**Supplied material**:
**********
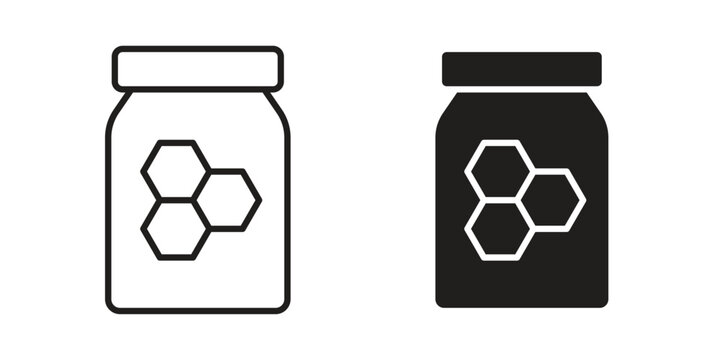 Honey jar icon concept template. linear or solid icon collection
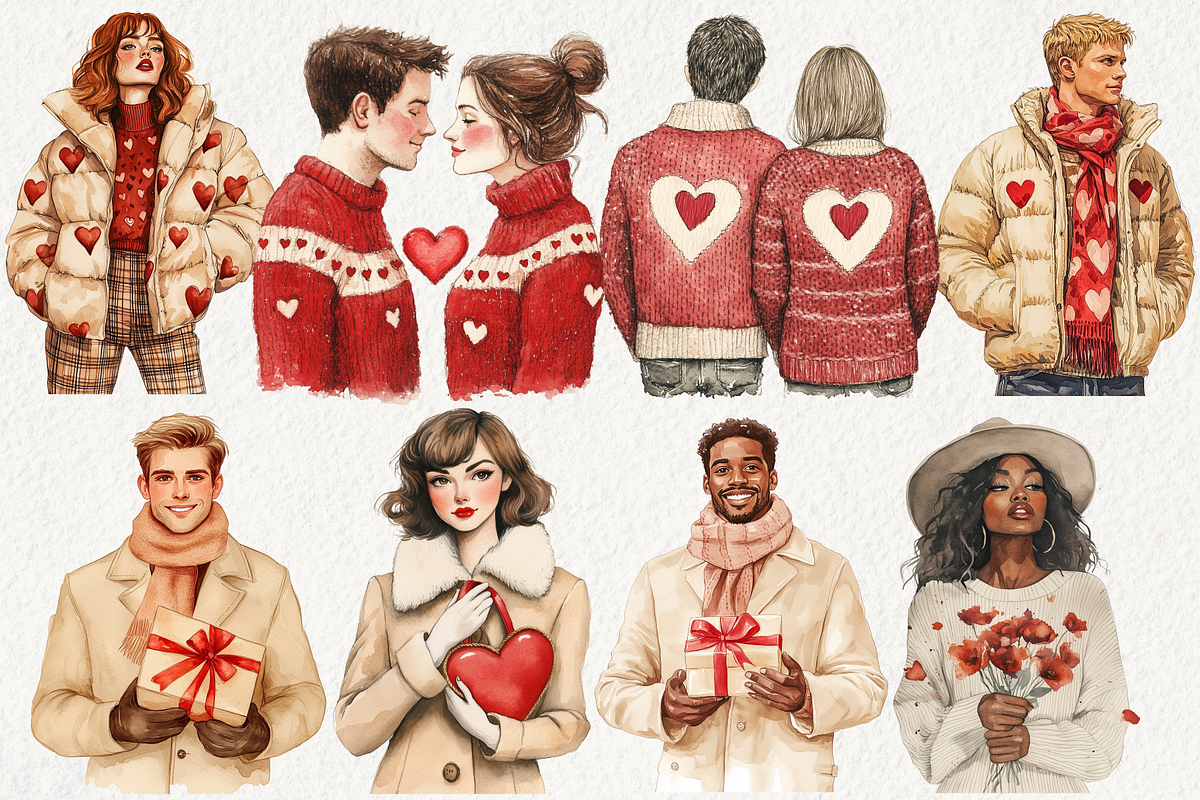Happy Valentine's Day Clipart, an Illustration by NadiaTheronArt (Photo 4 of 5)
**********
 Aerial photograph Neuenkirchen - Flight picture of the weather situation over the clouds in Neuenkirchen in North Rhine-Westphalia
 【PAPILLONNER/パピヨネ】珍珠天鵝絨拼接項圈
**********
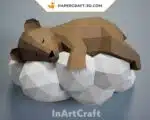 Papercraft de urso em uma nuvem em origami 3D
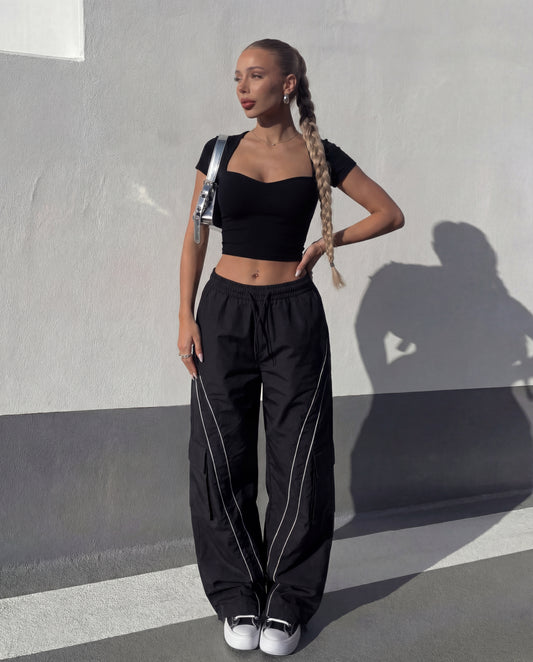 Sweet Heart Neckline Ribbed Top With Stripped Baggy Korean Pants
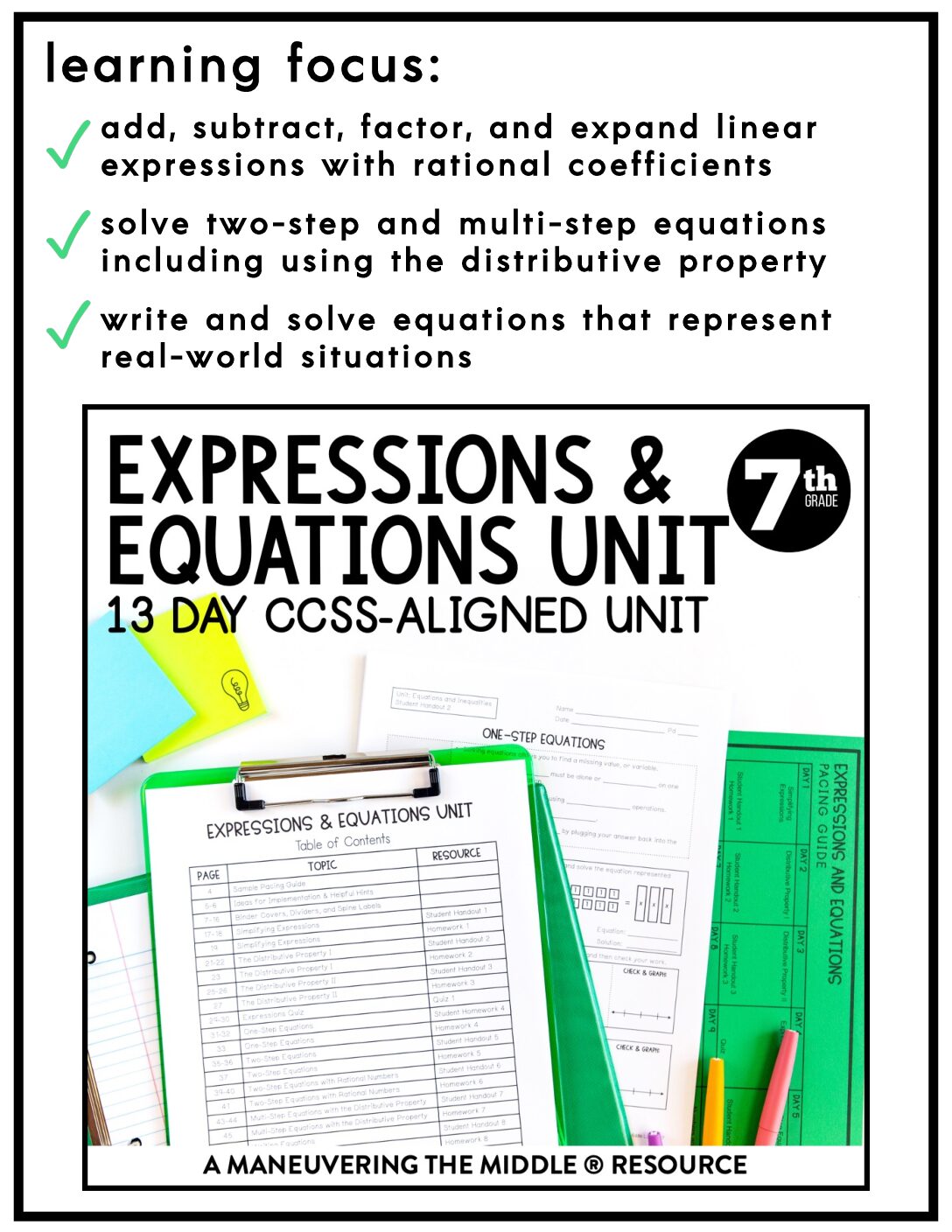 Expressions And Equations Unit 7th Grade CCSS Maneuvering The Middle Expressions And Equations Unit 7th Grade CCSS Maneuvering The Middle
**********
Nothing but the lines from the one with "Papercraft de urso" up to and including the one with "The Middle Expressions" should be printed, exactly as they read above. Please keep the pictures out.

 Papercraft de urso em uma nuvem em origami 3D
 Sweet Heart Neckline Ribbed Top With Stripped Baggy Korean Pants
 Expressions And Equations Unit 7th Grade CCSS Maneuvering The Middle Expressions And Equations Unit 7th Grade CCSS Maneuvering The Middle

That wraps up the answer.